Trees are a fundamental component of livelihoods in drylands and their use goes far beyond the provision of wood products. Dryland trees provide nutritious food and medicinal products, artifact material, cultural aspects and income to the local people, and a higher density of specific trees can improve the physical and economic wellbeing of local communities1. Recent research found that tree cover has generally increased in drylands over the past decades, which is often related to changing management patterns or climatic conditions, such as changes in the rainfall patterns that favor woody over herbaceous species2. However, not all woody species have high nutritional, ecological, cultural or economic value, and the encroachment of particular invasive species is, in some areas, considered as ecosystem degradation3. Yet, climatic changes, such as increased frequency of droughts, and human mismanagement can lead to a reduction in tree density and productivity as well as local extinction of high-value tree species4,5, which can have profound consequences for local livelihoods. Examples include loss of valuable products from the trees, such as fruits, leaves, seeds, and bark- products that local people often use for food and medicinal purposes, and to generate income6.
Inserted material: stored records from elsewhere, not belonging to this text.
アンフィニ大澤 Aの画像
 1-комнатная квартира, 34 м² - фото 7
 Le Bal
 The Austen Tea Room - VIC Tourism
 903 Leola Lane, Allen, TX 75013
A prominent example of a highly valuable tree is the baobab, which is an iconic landscape feature of most of the continent’s drylands7,8,9. While the bark, pulp extract and leaves are used in the treatment of fevers, dysentery, and sores, the fruits, seeds and leaves are known for being rich in Vitamin A and C and a source of iron, calcium and zinc8,10,11. The baobab products are traditionally sold in local rural as well as urban markets. In recent years, an international demand for especially baobab fruit powder has increased, and foreign companies have started exporting baobab products, such as juice, cream and powder to global customers9,12,13. The export of baobab fruit powder to Western and Asian markets has seen a remarkable increase, estimated at several hundred tons per year, compared to negligible quantities just two decades ago12. Traditional trees like the baobab are key for local livelihoods and it is therefore important to quantify their abundance at national scales14. This is particularly true in times where plantations of fast growing and easily marketed species, such as Eucalyptus15,16,17, are promoted throughout the tropics, which often do not provide the same level of benefits, such as nutrition.
Our knowledge on the distribution of tree species in Africa is currently either derived from field surveys18,19,20,21, drones22 or hyperspectral data23, or the potential distribution is estimated from niche models21,23,25. Only the latter allows for large-scale assessments, and uses variables defining the growing conditions, such as soil and rainfall, which are used to estimate the possible abundance of certain tree species. This method includes a high level of uncertainty, in particular for species that are closely related to human management, such as the baobab. Consequently, such maps are of limited use for management purposes, as they only provide potential suitable areas for a given species to grow. To effectively monitor tree population dynamics in relation to climate change and management, ensuring adequate regeneration and sustainable management of economic outputs, it is crucial to obtain precise information regarding the abundance of tree species.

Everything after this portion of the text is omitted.